Socio-Cultural Factors in Early Intervention in Psychosis

Learning Outcomes
  • Explore socio-cultural factors associated with psychosis

  • Understand implications for service development and delivery

  • Critically appraise the impact of social and cultural factors on psychosis

Demographics of South-West London & St Georges (SWLSTG)
  • Serves over 1 million people across various boroughs in London

  • Ranges in deprivation levels across boroughs affecting mental health services

  • Racialized ethnic minority group percentages range from 14-35% in different areas

Socio-Cultural Factors Influencing Psychosis
  • Socio-Economic Status (SES):

    • Longstanding link between SES and mental health difficulties (Marmot, 2005)

    • Social disadvantage increases risk of psychosis (Lund et al., 2010)

    • Areas with high minority ethnic populations show higher rates of psychosis (Bhugra, 2004)

  • Urban Living:

    • Higher incidence of psychosis in urban versus rural settings (Dohrenwend et al., 2000)

    • ‘Social drift’ hypothesis: poorer mental health leads to urban migration (Veen, 1992)

    • ‘Social causation’ hypothesis: urban economic hardships increase mental illness risk (Sewell, 1998)

  • Ethnicity:

    • Increased risk of psychosis particularly in African-Caribbean and Black African groups (McKenzie et al., 2002)

    • Second-generation Afro-Caribbean immigrants show higher risk (Kirkbride et al., 2012)

  • Gender:

    • Higher incidence in men with better prognosis in women (Kuehner, 2017)

  • Trauma:

    • Significant link between traumatic experiences and development of psychosis (Read et al., 2005)

  • Discrimination:

    • Experiences of racism linked to increased risk of psychosis (Bhui et al., 2005)

Key Theoretical Frameworks and Concepts
  • Intersectionality:

    • Overlapping systems of oppression lead to unique experiences for individuals based on identity categories (Crenshaw, 1989)

  • Cultural Frameworks:

    • Different cultural understandings can influence perceptions, help-seeking behaviors, and treatment of mental disorders (Sue et al., 2009)

Practical Implications for Services
  • Integration of culturally sensitive interventions is crucial for addressing disparities (Almeida et al., 2009)

  • Service Development:

    • Employ specialists who understand cultural contexts (Slegr et al., 2017)

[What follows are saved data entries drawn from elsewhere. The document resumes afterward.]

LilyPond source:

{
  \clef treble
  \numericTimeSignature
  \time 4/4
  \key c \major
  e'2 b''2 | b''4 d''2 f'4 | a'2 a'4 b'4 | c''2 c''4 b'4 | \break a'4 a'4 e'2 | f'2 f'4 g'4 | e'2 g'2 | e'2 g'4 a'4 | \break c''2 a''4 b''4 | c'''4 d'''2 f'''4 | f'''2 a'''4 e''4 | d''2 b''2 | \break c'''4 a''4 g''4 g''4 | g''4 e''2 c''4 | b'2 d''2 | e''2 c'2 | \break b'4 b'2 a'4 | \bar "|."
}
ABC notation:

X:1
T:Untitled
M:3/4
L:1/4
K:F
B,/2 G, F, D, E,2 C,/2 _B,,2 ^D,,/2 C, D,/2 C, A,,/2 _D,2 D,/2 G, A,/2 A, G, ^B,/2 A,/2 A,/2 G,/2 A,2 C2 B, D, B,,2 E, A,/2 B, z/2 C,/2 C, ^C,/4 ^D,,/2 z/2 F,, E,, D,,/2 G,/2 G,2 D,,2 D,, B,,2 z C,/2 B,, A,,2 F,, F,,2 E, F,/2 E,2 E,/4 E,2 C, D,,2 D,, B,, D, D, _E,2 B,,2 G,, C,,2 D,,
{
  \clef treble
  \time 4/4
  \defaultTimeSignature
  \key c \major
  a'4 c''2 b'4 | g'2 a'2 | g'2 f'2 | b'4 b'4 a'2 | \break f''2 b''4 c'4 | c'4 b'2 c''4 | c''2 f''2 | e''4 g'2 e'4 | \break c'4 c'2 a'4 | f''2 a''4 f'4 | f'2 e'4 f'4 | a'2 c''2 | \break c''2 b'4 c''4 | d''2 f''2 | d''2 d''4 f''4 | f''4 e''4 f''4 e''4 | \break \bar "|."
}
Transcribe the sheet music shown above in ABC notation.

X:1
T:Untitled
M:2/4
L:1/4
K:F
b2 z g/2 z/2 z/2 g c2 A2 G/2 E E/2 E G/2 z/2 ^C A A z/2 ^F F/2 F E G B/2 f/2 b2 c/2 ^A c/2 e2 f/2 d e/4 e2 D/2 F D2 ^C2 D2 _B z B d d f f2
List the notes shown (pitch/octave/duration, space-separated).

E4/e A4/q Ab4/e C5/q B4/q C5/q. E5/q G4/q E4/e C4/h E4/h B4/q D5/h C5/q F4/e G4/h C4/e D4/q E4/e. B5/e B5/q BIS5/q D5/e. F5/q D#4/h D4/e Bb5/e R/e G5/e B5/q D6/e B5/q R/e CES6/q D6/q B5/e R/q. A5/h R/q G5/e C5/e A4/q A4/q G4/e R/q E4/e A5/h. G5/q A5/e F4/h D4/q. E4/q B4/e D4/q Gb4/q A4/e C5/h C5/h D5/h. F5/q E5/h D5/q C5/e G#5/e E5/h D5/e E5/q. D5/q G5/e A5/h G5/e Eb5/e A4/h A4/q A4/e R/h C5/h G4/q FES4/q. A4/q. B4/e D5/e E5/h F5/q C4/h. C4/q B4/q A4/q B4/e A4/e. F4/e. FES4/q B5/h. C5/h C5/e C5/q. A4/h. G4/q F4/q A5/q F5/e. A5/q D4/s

    • Collaborative efforts with local communities and religious leaders (McCabe et al., 2006)

  • Service Delivery:

    • Acknowledge cultural differences and provide diverse therapeutic options (Friedman et al., 2003)

    • Implement trauma-informed care practices (Fallot & Harris, 2009)

Recommendations for Mental Health Practitioners
  • Build trust and engage clients at their pace (Miller & Rollnick, 2013)

  • Incorporate clients' cultural backgrounds in assessment and treatment plans (Sue, Cheng, Saad, & Cheng, 2012)

  • Utilize culturally adapted therapeutic methods (Hinton & Jalal, 2014)

Additional Considerations
  • Address systemic issues like institutional racism within mental health systems to avoid misdiagnosis, particularly in racialized minority groups (Williams & Mohammed, 2009)

  • Promote understanding of cultural beliefs related to mental health to enhance treatment efficacy (Kleinman, 1980)

  • Recognize the importance of community support and religious practices in coping mechanisms (Foster & Bickley, 2011)

Conclusion and Future Directions
  • Continued emphasis on socio-cultural influences in psychosis treatment (Fernando, 2014)

  • Ongoing education and adaptation of practices to better serve ethnically and culturally diverse populations (Häfner & an der Heiden, 2003).